Minimal extensions to the standard model are fertile ground for new physics. One such extension is the addition of a hidden SU(N) where the fundamental fermions are massive relative to the confinement scale of the QCD-like interaction that binds them together. These fermions have been dubbed quirks by their proponents due to their bizarre and highly variable phenomenology: since the energy stored in the "infracolor" string between quirks is small compared to the quirk masses, bound states of quirk pairs can be macroscopic.  This phenomenology makes detection difficult and even though they may already have produced in previous experiments, these signatures would easily have eluded observation. A significant portion of the quirk parameter space is amenable to a search with very early data at the LHC: indeed, this signature is currently the subject of a search for quirks at the Tevetron. This signature requires the development of an algorithm designed specifically to identify tracks with large de/ex in the atlas pixel detector, making it perfectly aligned with the expertise of the SLAC Atlas group. 

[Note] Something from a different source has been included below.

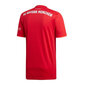 Miesten T-paita Adidas FC Bayern Home Jsy DW7410, punainen hinta ja tiedot | Miesten T-paidat | hobbyhall.fi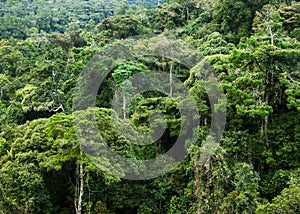 Rainforest photo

The experimental reach for quirks increases rapidly with center of mass energy, so that a search at the LHC will exceed the discovery potential of the Tevatron experiments well before the end of the current run in 2011.  A generator level Monte Carlo and toy simulation of the dynamics of quirk pairs has been developed in conjunction with Markus Luty and Jared Evans at UC Davis that can be used to develop the trigger and reconstruction strategies that will be required. The first task is to use the output of this simulation to develop the analysis strategy. The second task will be the development of a novel tracking algorithm capable of identifying quirks tracks in the Atlas inner detector.